Così s'espresse il presidente ecuadoregno: "Ho dato l'ordine di non pagare gli interessi. Il paese è dunque in default su questo debito coll'estero. Noi sappiamo ciò che andiamo ad affrontare, dei veri e propri mostri che non esiteranno nel tentare di schiacciare il paese ma io non potevo più permettere che si continuasse a pagare un debito immorale ed illegittimo. In quanto presidente della Repubblica me ne assumo tutta la responsabilità".
Il 12 dicembre 2008, nello stesso giorno in cui questo discorso era pronunciato, 30,6 milioni di dollari d'interessi su titoli rimborsabili nel 2012 non venivano pagati; la stessa sorte subivano i debiti per successivi interessi venuti a maturazione.
I crediti bancari contestati ammontavano a 3,8 miliardi di dollari, ossia quasi il 40% del debito pubblico coll'estero, pari a 9,9 miliardi di dollari rappresentati principalmente da buoni del Tesoro, oggetto di transazione sui mercati finanziari e in particolare su quello di Wall Street.
Davanti alla determinazione di quel governo sudamericano i detentori di quei titoli cominciarono a svenderli fino al 20% del loro valore; il governo ecuadoregno riuscì a comprarne il 91%, riscattando quindi il proprio debito ad un costo di 900 milioni di dollari, con un conseguente risparmio di circa 7 miliardi di dollari.
E da questo rifiuto di pagare il debito non è certo seguito il caos, visto che il tasso di crescita dell'Ecuador è pari al 3-4 %.
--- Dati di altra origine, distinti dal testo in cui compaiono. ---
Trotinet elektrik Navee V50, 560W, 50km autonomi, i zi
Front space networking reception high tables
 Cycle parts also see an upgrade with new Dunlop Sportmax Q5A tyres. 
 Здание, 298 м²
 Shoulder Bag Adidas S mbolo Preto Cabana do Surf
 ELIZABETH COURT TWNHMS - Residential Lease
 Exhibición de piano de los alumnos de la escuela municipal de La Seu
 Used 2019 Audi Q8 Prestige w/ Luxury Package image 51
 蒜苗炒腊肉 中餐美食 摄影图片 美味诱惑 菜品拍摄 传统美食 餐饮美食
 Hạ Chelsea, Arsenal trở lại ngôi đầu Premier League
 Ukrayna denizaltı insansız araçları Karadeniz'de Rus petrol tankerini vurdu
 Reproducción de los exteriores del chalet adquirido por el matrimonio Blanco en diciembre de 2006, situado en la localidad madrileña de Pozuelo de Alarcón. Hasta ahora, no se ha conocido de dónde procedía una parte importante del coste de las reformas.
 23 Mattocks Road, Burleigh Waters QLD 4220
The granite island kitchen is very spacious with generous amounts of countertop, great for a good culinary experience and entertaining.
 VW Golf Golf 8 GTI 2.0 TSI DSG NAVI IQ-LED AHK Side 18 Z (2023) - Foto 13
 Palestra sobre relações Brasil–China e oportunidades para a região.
Restiamo in attesa che i governi europei - in particolare di Grecia, Italia, Spagna, Portogallo e altri - si rendano conto che l'interesse dei popoli che governano è superiore a quello dei gruppi finanziari da cui sono taglieggiati da decenni e, dunque, facciano valere i rispettivi diritti con un atto di prepotente ma legittima sovranità.